Pictures with short captions
[Start of Attachment]

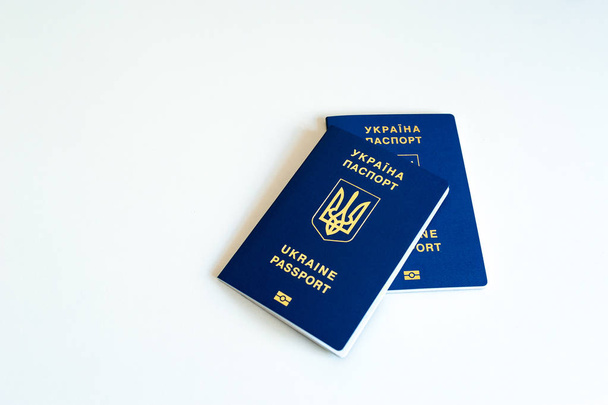 Nouveau passeport biométrique bleu ukrainien avec puce d'identification et ancien passeport ukrainien sur fond blanc
 - Photo, image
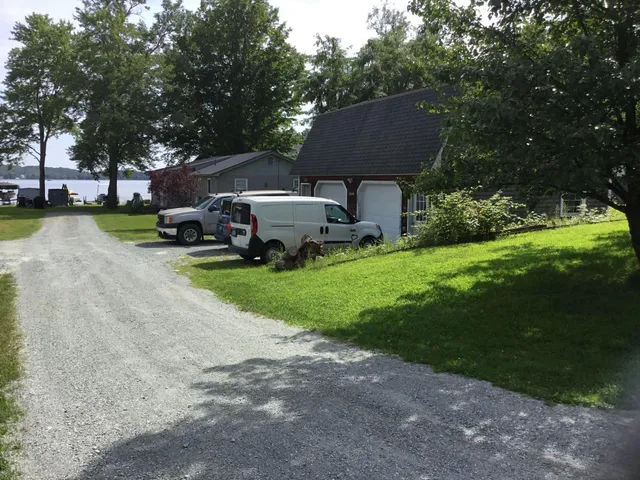 $619,900 | 10 Old Town Road, Castleton, VT 05735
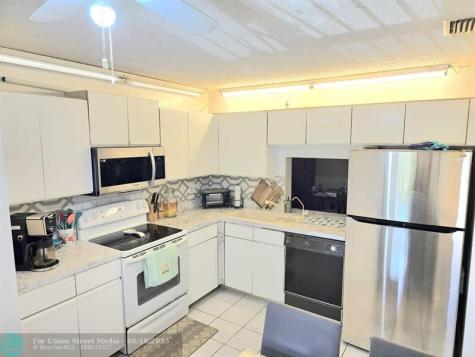 4047 NW 22nd Street Coconut Creek FL 33066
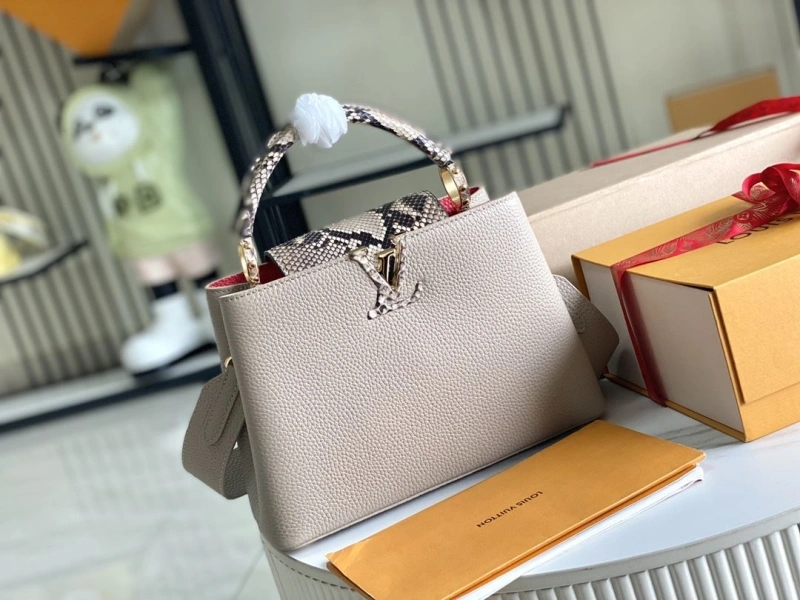 LV Capucines Bags 4171D-0136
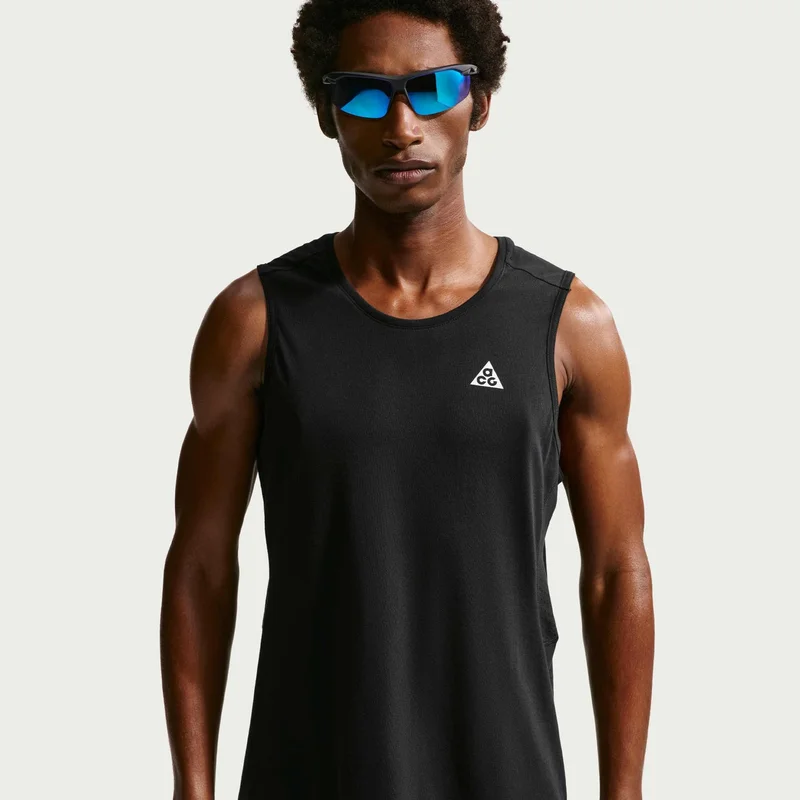 Nike Black Men's ACG Dri-FIT ADV Solar Chase Running Top for Men | Best Price UAE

[End of Attachment]

(REQUIREMENT) Starting with the line that contains "- Photo, image" and ending with the last line of the data above, transcribe exactly those lines and no others, without pictures.

(WRITTEN ANSWER)
 - Photo, image
 $619,900 | 10 Old Town Road, Castleton, VT 05735
 4047 NW 22nd Street Coconut Creek FL 33066
 LV Capucines Bags 4171D-0136
 Nike Black Men's ACG Dri-FIT ADV Solar Chase Running Top for Men | Best Price UAE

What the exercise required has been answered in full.